#### Work order:
Pictures in the records below must be left out. Return exactly the lines from the line with "Pakan Anjing dan" to the line with "Libros de segunda", both included.

#### Data extracts:
[Start of section]

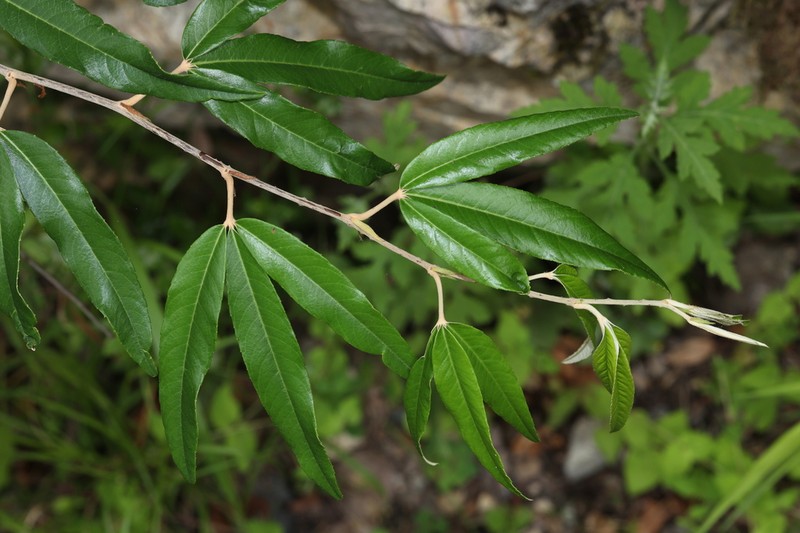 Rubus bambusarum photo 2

[End of section]
[Start of section]

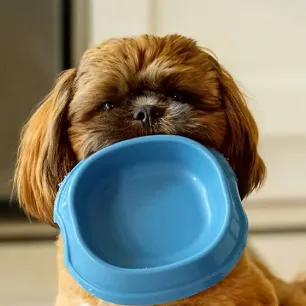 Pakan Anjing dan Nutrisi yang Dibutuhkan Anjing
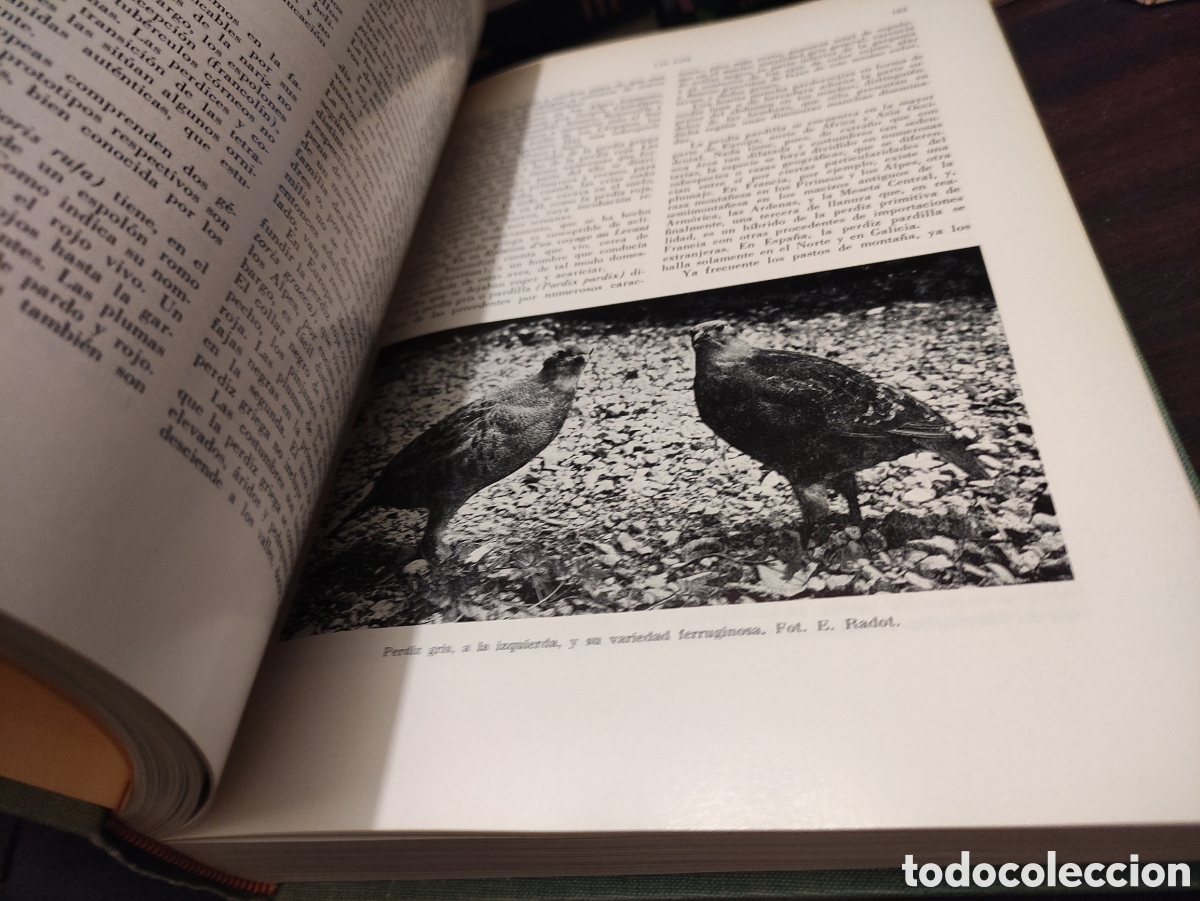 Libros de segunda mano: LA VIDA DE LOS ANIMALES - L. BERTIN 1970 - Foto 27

[End of section]

#### Solution to this task:
 Pakan Anjing dan Nutrisi yang Dibutuhkan Anjing
 Libros de segunda mano: LA VIDA DE LOS ANIMALES - L. BERTIN 1970 - Foto 27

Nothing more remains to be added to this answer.